En 2014, le gouverneur du Penjab, Salman Taseer, a été assassiné car il voulait réformer la loi antiblasphème. Y a-t-il une chance que le gouvernement d’Imran Khan la fasse évoluer ?

Pour l’instant, aucune. La question est très politique. Aucun gouvernement démocratique n’en aura le courage. Imran Khan lui-même se comporte comme un mollah. Au lieu que l’alcool soit enfin légalisé, le prix de la bouteille de whisky a été multiplié par dix depuis son élection, et être pris en train de boire est puni de trois ans de prison. Car personne ne veut prendre le risque de perdre le vote islamique.

Que pensez-vous de la levée du moratoire sur la peine de mort, après l’attaque d’une école à Peshawar en 2014 ?
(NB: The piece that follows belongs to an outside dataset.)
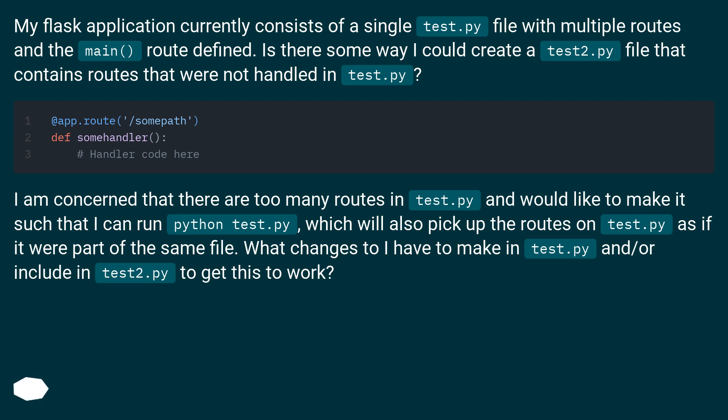I am concerned that there are too many routes in test.py and would like to make it such that I can run python test.py, which will also pick up the routes on test2.py as if it were part of the same file.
La peine de mort n’avait jamais disparu, elle n’avait été que suspendue. Les condamnés attendaient durant des années. Pour moi, pire que d’être exécuté, c’est d’être condamné à perpétuité, de vivre sans liberté, sans famille, pour finalement mourir en prison.

Qu’est-ce que vous attendez de l’avenir ?

J’aimerais recevoir une récompense internationale pour la défense des droits de l’homme. Cela encouragerait d’autres avocats à suivre mon chemin. Si la communauté internationale déclarait : « Vous avez rendu service à l’humanité », cela serait une gifle pour les fondamentalistes. J’ai défendu un des cas les plus controversés au Pakistan. J’ai abandonné le statut de résident permanent, le confort, la protection sociale que les Pays-Bas m’offraient parce que je pensais être plus utile au Pakistan. Ces jours-ci, je suis invité à Paris, Amsterdam, Londres, Dubaï… Puis on me dit « merci et au revoir », et je dois retourner seul au milieu des lions. Une reconnaissance officielle changerait les choses, le gouvernement serait sous pression, il assurerait ma sécurité, et peut-être que peu à peu, la loi pourrait évoluer.